One common misconception is that menstrual cups make you loose because their size is larger than tampons. Let’s break down why you don’t need to worry about this happening to you.
Understanding the Vagina
The vagina is purpose-built to stretch and return to its original size like a rubber band. This applies to the use of internal period products that temporarily push against the walls and “stretch” it, such as a menstrual cup. The principle remains true across other things going into the vagina that temporarily stretch it like a penis, toys, or fingers. The same applies to the vagina’s amazing elastic properties when a baby exits. Vaginas are badass.
The vagina is a muscle that can tighten and relax repeatedly. If you’re aroused it lengthens and the walls of the vagina soften to make penetration easier.
Origins of this Myth
The “loose vagina” myth stems from misogyny – plain and simple. Meant to shame a person who engages in sexual activities deemed more frequent than “acceptable,” saying someone has a loose vagina due to their sexual history has no basis in fact.
Related Article: Can Virgins Use Menstrual Cups?
Penis size vs Menstrual Cup size
The average girth of a penis is 4.6 inches (116 mm) in circumference. The average penis girth is 37.2 mm in diameter.
Menstrual cups are measured by the size of their opening at the top, typically the largest section across, in diameter. The average size of “large” cups measures 46 mm in diameter or 5.3 inches (144 mm) in circumference.
Some cups will have a smaller diameter than the average penis, some larger. And of course, some penises will be larger in girth (circumference) than any menstrual cup.

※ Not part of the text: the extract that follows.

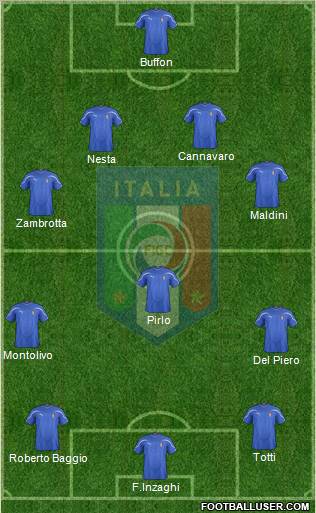Italy Formation 2011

The point is, no matter their size, things will enter and exit the vagina without permanently loosening it. This is by design!
What causes the vagina to loosen?
Your vagina will probably loosen slightly but not because of your use of tampons, menstrual cups, your number/frequency of partners, or the size of toy you insert. Age and pregnancy are two things that will ultimately cause a small amount of loosening in your vagina.
Changes in your hormones as you age can affect your vagina’s elasticity. With age, your pelvic floor muscles can loosen.
A full-term pregnancy can loosen the pelvic floor. Delivering a baby vaginally is another aspect that might contribute (especially multiple deliveries and/or later in life deliveries).
Too loose or too tight?
If you’re concerned that you have abnormal vaginal laxity or that your vagina is too tight you should consult with a pelvic floor therapist. A loose pelvic floor can be addressed with exercise overseen by a PT. Exercising is addressing the muscles around the vagina, not the vagina itself. If you experience extreme tightness you may have a medical condition, such as vaginismus, also helped by treatment with a pelvic floor therapist.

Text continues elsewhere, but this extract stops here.